- _Problem_
The data below contains pictures, which are to be skipped; the lines starting at the line with "2025 Jeep Wrangler 4xe Willys 4xe" and ending at the line with "Ministrul japonez al" are to be output exactly, both ends included.

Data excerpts

============

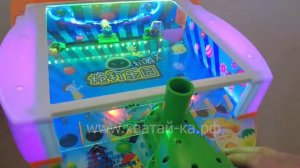 Аттракцион-стрелялка "Робот ЕВА"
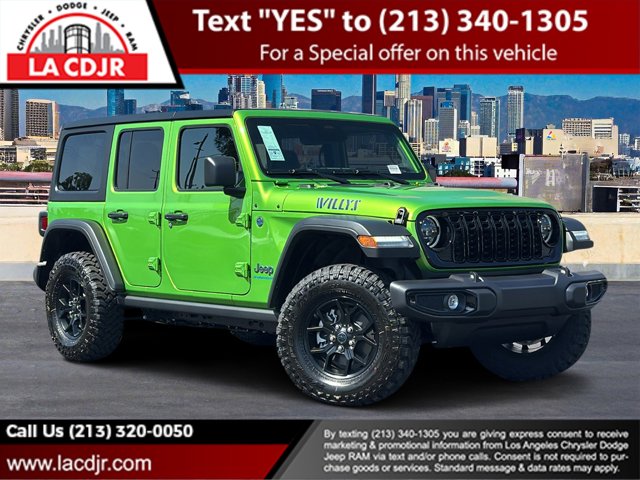 2025 Jeep Wrangler 4xe Willys 4xe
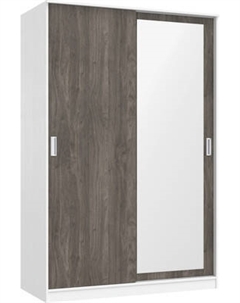 Шкаф-купе Кортекс-мебель Лагуна ШК02-01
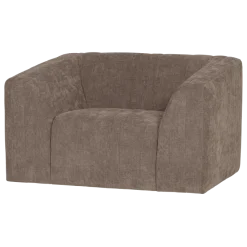 Woood Omaire Fauteuil Chenille Taupe [FSC]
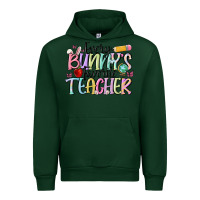 Forest Green every bunnys favorite teacher Urban Hoodie - MaliasSmallBusiness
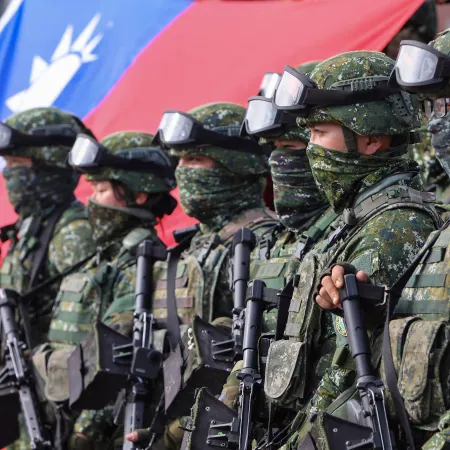 Taiwán ensaya una defensa total ante la creciente presión militar de China
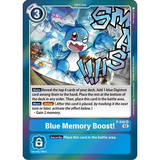 DCG [RB1-P-036 P] Blue Memory Boost! (RB1 Reprint)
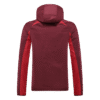 Liverpool 2022 Windbreaker Hoodie Jacket Red - Image 3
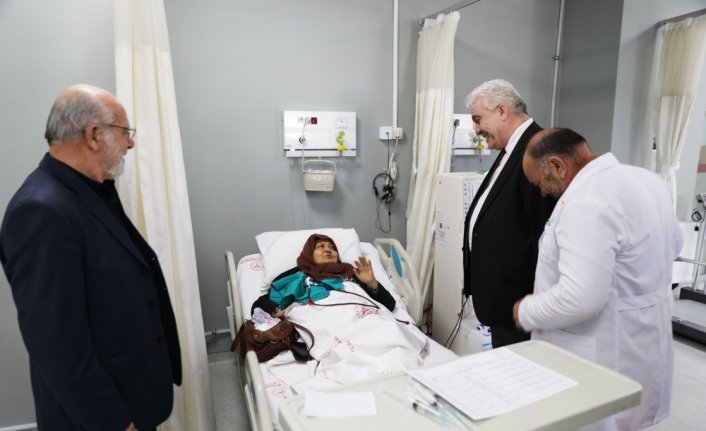 Kavak Devlet Hastanesi'nde diyaliz merkezi hizmete girdi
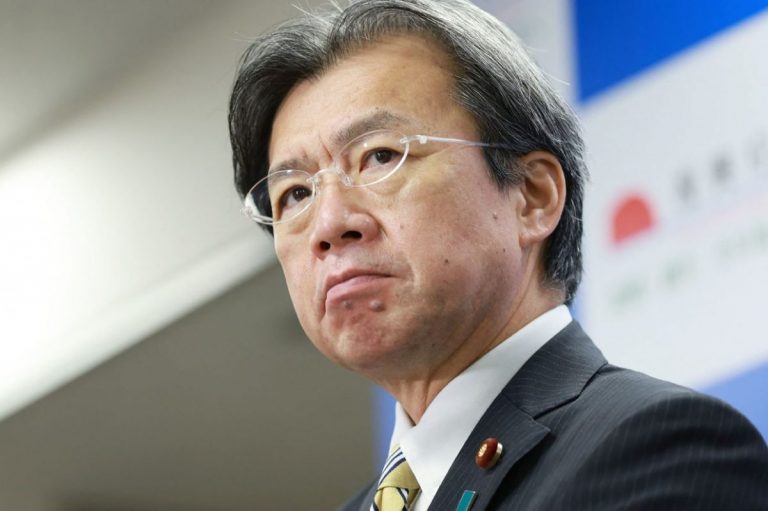 Ministrul japonez al reconstrucţiei Kenya Akiba a demisionat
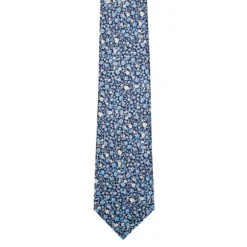 SININEN KUKKAKUVIOLLINEN SOLMIO 9584-40
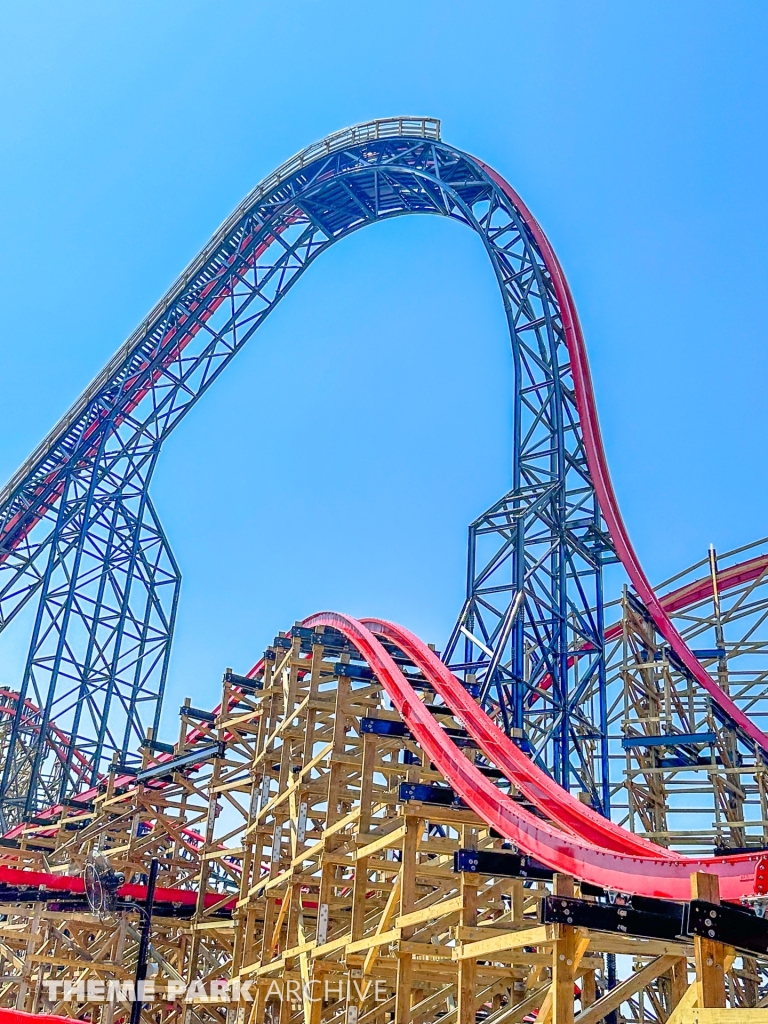 Wildcat's Revenge at Hersheypark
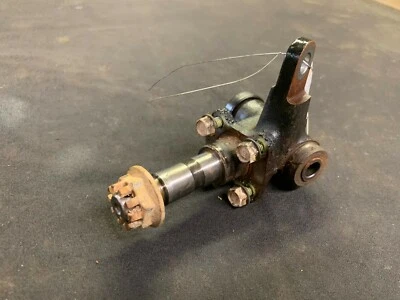 1990 HONDA FOURTRAX TRX200 TRX 200 TYPE 2 LEFT KNUCKLE SPINDLE 51220-HF1-670 - Image 1 of 4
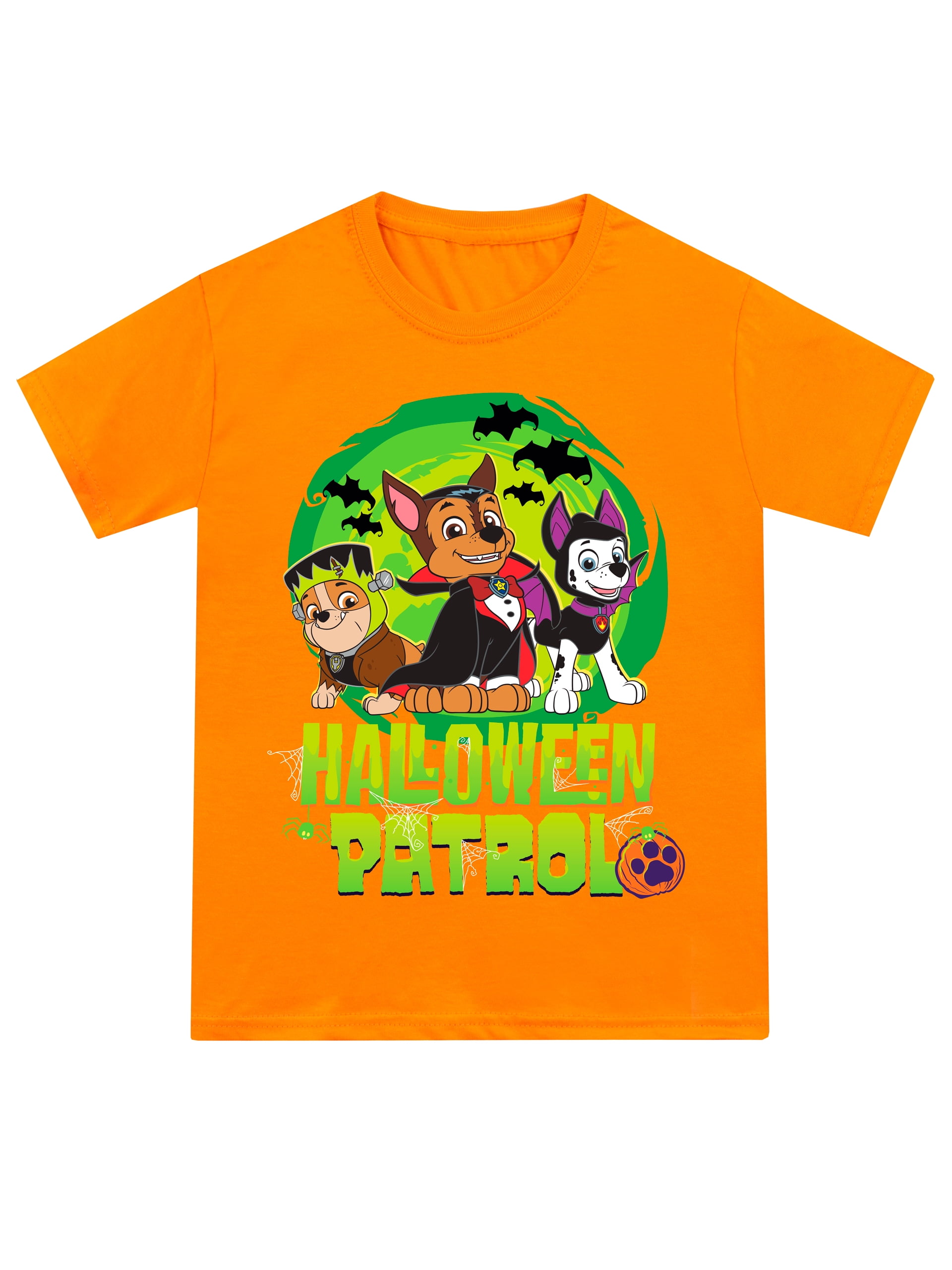 Boys' Paw Patrol Have A Pawsome Halloween Graphic Long Sleeve Fleece
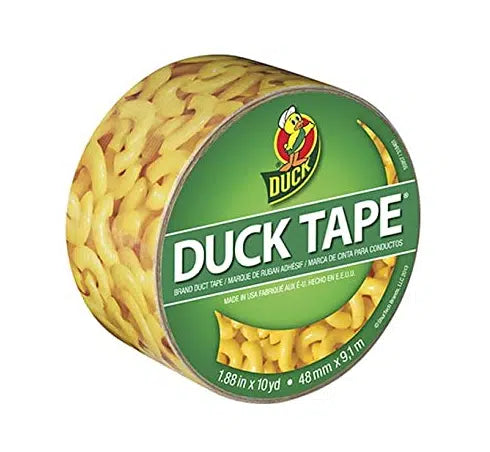 Cheese Print Duct Tape (10 yards)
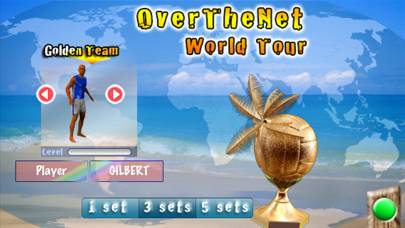 Over The Net Beach Volleyball Uygulama ekran görüntüsü #3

============

- _Response_
 2025 Jeep Wrangler 4xe Willys 4xe
 Шкаф-купе Кортекс-мебель Лагуна ШК02-01
 Woood Omaire Fauteuil Chenille Taupe [FSC]
 Forest Green every bunnys favorite teacher Urban Hoodie - MaliasSmallBusiness
 Taiwán ensaya una defensa total ante la creciente presión militar de China
 DCG [RB1-P-036 P] Blue Memory Boost! (RB1 Reprint)
 Liverpool 2022 Windbreaker Hoodie Jacket Red - Image 3
 Kavak Devlet Hastanesi'nde diyaliz merkezi hizmete girdi
 Ministrul japonez al reconstrucţiei Kenya Akiba a demisionat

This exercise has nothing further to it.